▶ _TASK GOAL_: In the listing below, find the line with "How to fix the" and the line with "A verification email". Repeat those two lines and all lines between them exactly.

▶ _EXERCISE MATERIALS_:
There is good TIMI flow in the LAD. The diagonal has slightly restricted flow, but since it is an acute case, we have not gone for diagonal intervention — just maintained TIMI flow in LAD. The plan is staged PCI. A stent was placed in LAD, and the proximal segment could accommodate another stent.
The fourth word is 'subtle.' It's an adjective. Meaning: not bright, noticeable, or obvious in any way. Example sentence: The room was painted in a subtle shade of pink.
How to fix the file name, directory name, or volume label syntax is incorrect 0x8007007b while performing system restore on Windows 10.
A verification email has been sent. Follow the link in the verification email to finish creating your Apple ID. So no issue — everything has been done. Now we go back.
---
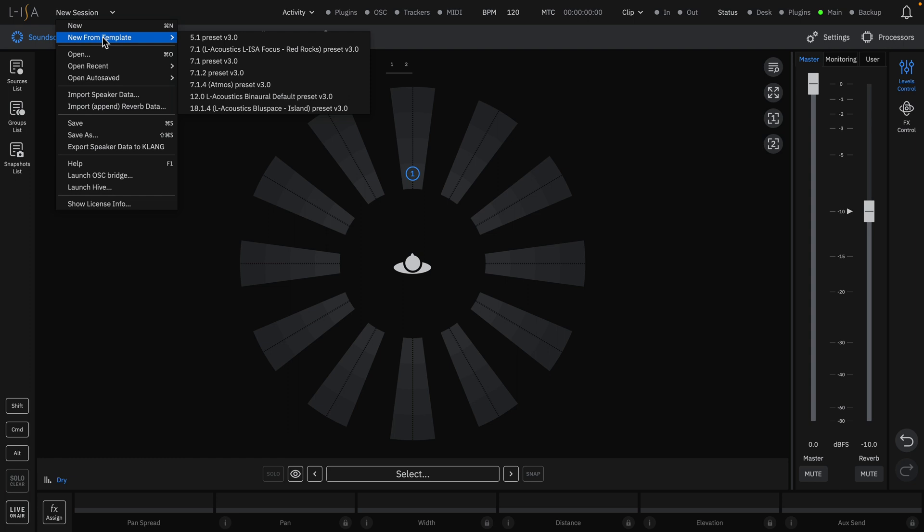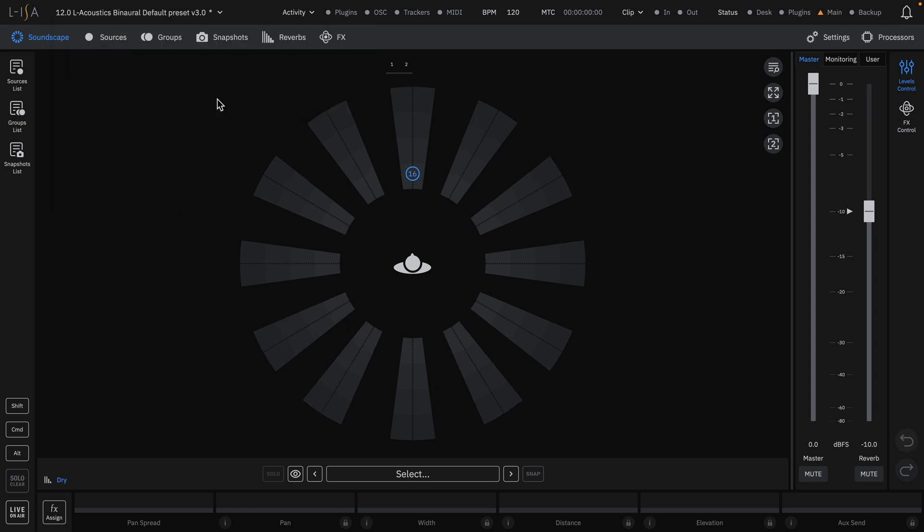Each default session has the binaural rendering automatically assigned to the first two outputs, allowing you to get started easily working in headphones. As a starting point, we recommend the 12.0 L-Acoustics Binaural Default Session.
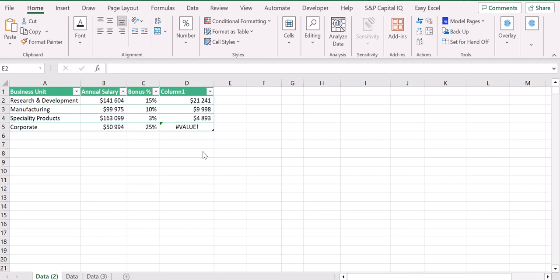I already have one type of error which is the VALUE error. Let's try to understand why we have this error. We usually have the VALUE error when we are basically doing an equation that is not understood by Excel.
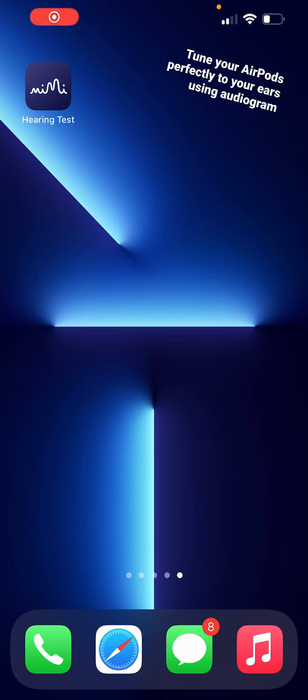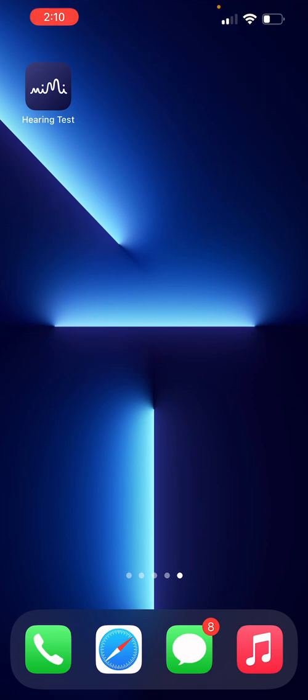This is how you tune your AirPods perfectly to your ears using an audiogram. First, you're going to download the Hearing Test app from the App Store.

▶ _RESPONSE AREA_:
How to fix the file name, directory name, or volume label syntax is incorrect 0x8007007b while performing system restore on Windows 10.
A verification email has been sent. Follow the link in the verification email to finish creating your Apple ID. So no issue — everything has been done. Now we go back.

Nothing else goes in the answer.